One of the traders held Bertie's little wrist. He stared at his palm, and suddenly I was aware of his silence, the quiet gaze of the others, and the hubbub of the market around us.

“What does it say?” asked Bertie.

“Nothing,” Silvano said. “He says it tells nothing.”

“What do you mean—nothing? Why won't he tell me?”

The Saracen shrugged.

“Does it say I'll die?”

“We all die,” Silvano replied.

“I mean…,” Bertie began, but then he faltered. “You know what I mean.”

The trader looked levelly at Bertie, but then his expression softened, and for a moment I thought he was going to embrace him. But instead he said something very quietly.

“Bertie,” Silvano said, “he says he can tell you nothing you do not know yourself.”

In one corner of the
campo,
someone began to bang a drum. Thump. Double-thump. Thump. Double-thump.

Then I saw four monks, carrying a roughly hewn cross, and a fifth swinging an incense burner; whenever they paused, the stallholders rushed forward to kiss the cross, and the monks were advancing towards us.


Baciate! Baciate il crocifisso!
Kiss the cross.”

The traders screwed up their faces, and so did I, at the stink of the incense; the people around us yelled, and the traders yelled back at them.

“They say incense is made from excrement,” the shipwright told us. “Excrement of Patriarch in Constantinople, and excrement of other Christian priests. All Saracens know that!”

“They can't say that!” I exclaimed. “Why do you let them?”

But after yelling and jeering at the Saracen traders, the crowd moved on, following the priests, shouting,
“Baciate!

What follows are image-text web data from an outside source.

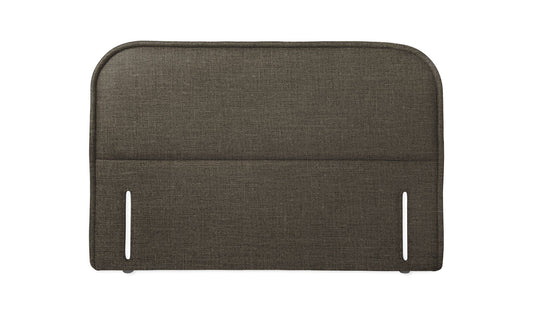 The Ashford Headboard | House_Linen - Organic Ash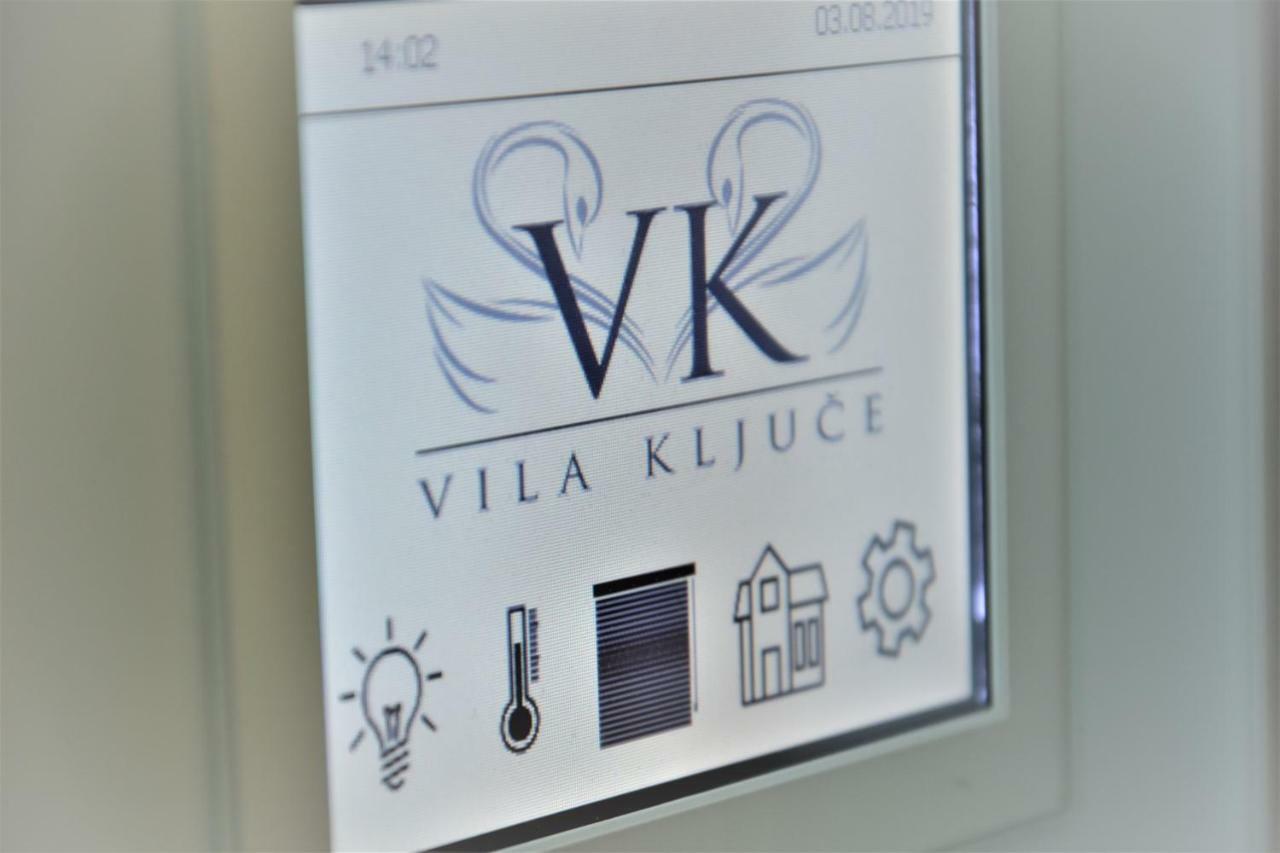Vila Kljuce Apartments Bled Dış mekan fotoğraf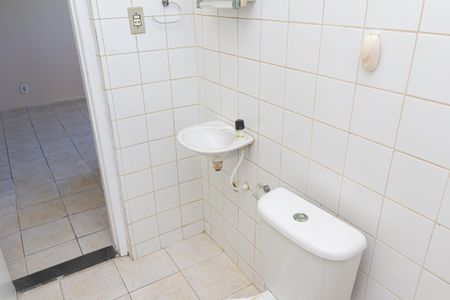 Apartamento para alugar com 52m², 2 quartos e 1 vagaBanheiro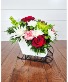 Winter Sleighride Mixed Arrangement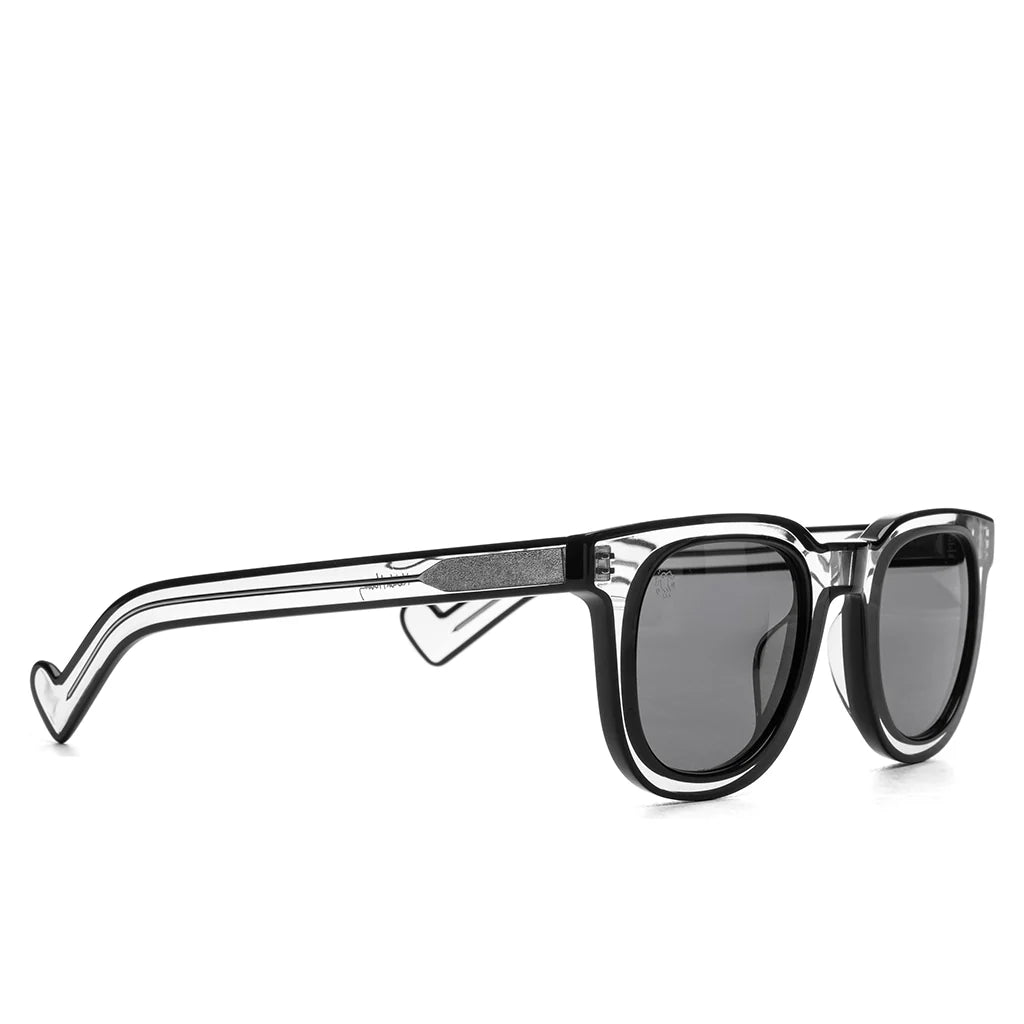 Akila x Keith Haring Radiant Clear Black
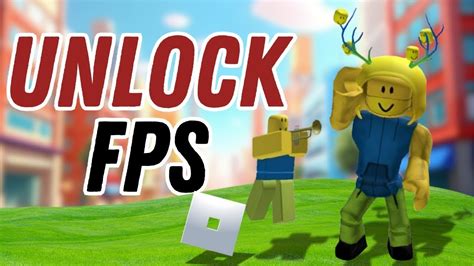 Image result for How to Unlock FPS On Roblox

Baciate il crocifisso!”
The traders shrugged, then grinned at the shipwright.

“Each day!” Silvano told us. “They say same thing happen each day. Christians never learn.”

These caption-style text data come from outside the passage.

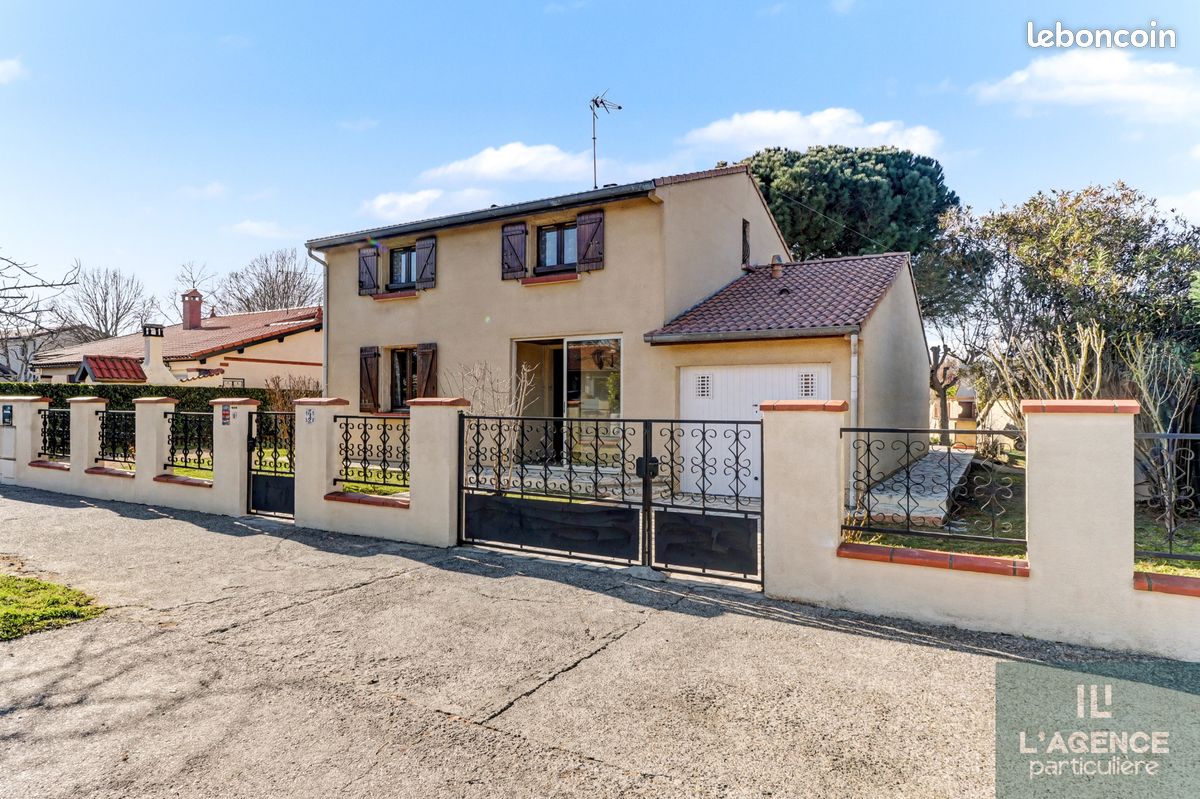 Maison 4 pièces 98 m² · à Castanet-Tolosan · 98 m² · 349 900 €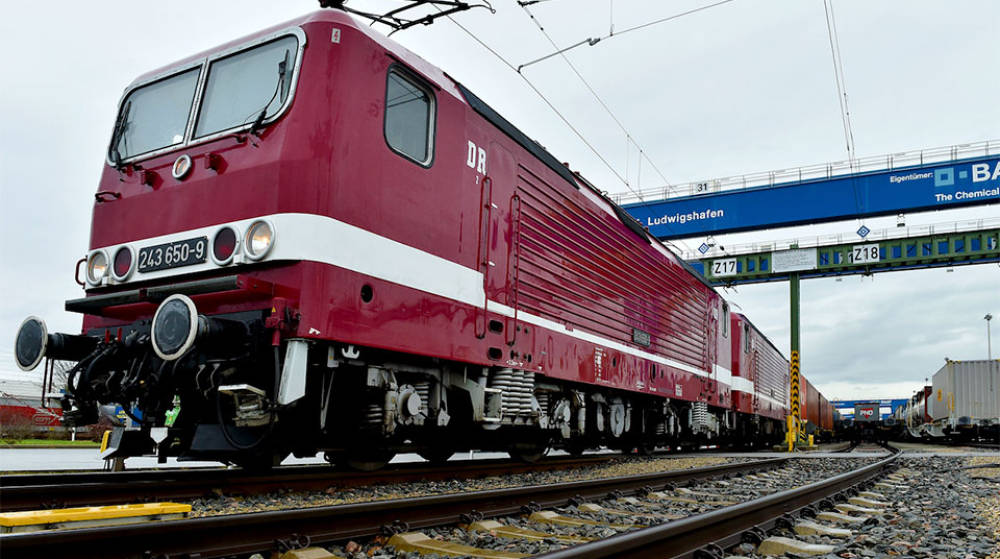Dachser organiza el transporte ferroviario de productos qu&iacute;micos por la Nueva Ruta de la Seda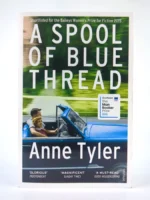 A Spool of Blue Thread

“Why should they think they're superior?” I protested. “They worship a false prophet.”

Silvano smiled and put his large hand on my right shoulder again. “For traders,” he said, “trade is most important.”

“But that's wrong,” said Bertie.

One of the traders stepped forward and gave me a handclasp.

“He says the prophet Muhammad…he says was a trader,” Silvano told me. “Oversea.”

And when I looked into the trader's dark eyes, I saw they were dancing.

“He says, glory to God! May the Lord of the Universe protect you both,” the shipwright said.

On our way back, I asked Bertie about his palm, and why he was afraid.

“I'm not afraid.”

“No, but…you asked about dying.”

Bertie reached over the side of the barge and trailed his hand in the water.

“Everyone's afraid of dying,” I said. “I am.”

Bertie rinsed his hand; he purified it. “This is the third time my fortune has been told,” he said in a flat voice. “The first man said I would never live to grow old. The woman at Soissons Fair told me I would die before I was a man.”